Write out, from the entries below, exactly the lines that run between the lines holding "20cm) - Image 6" and "ProElite Smart Trifold", inclusive, and stop there.
*** Opening of Records shown ***
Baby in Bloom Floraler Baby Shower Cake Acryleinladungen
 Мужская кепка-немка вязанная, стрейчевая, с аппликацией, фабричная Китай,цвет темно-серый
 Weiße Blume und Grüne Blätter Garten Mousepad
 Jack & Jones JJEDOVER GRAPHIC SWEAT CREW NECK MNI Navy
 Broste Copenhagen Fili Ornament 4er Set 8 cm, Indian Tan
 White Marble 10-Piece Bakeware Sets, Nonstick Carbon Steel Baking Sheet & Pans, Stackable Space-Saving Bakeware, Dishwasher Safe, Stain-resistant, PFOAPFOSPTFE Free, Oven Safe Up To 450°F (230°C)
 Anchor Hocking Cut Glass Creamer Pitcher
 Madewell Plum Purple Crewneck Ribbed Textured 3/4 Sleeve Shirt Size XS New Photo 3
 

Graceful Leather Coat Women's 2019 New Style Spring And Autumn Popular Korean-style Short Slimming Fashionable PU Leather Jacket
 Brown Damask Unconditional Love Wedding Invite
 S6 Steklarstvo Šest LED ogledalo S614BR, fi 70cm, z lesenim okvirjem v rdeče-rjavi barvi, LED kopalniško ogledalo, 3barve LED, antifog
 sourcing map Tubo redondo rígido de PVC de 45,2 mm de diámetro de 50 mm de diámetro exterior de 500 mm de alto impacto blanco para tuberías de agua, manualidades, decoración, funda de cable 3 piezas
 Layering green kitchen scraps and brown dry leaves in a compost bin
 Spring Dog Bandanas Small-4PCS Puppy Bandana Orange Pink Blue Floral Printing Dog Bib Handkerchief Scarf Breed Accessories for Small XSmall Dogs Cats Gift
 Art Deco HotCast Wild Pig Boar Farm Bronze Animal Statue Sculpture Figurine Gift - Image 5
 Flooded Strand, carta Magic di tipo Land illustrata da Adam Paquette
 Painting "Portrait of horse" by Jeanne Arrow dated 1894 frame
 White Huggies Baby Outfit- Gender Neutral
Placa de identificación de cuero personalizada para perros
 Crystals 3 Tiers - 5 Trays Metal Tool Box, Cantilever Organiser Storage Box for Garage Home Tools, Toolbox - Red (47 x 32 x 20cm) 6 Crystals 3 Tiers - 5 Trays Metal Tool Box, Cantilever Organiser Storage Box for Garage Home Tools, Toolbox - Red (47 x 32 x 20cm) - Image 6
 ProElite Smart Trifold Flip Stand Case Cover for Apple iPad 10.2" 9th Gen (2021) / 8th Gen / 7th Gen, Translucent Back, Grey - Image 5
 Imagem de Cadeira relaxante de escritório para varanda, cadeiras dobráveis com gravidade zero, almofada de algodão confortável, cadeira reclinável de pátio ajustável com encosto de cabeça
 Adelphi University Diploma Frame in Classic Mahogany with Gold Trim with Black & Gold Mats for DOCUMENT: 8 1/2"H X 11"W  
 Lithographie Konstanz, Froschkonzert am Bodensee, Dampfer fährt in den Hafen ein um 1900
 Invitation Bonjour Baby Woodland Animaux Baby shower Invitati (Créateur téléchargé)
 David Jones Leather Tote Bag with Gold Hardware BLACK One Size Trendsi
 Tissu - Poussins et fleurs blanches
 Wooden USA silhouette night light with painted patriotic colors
*** Close of Records shown ***
Answer for the task:
 Crystals 3 Tiers - 5 Trays Metal Tool Box, Cantilever Organiser Storage Box for Garage Home Tools, Toolbox - Red (47 x 32 x 20cm) 6 Crystals 3 Tiers - 5 Trays Metal Tool Box, Cantilever Organiser Storage Box for Garage Home Tools, Toolbox - Red (47 x 32 x 20cm) - Image 6
 ProElite Smart Trifold Flip Stand Case Cover for Apple iPad 10.2" 9th Gen (2021) / 8th Gen / 7th Gen, Translucent Back, Grey - Image 5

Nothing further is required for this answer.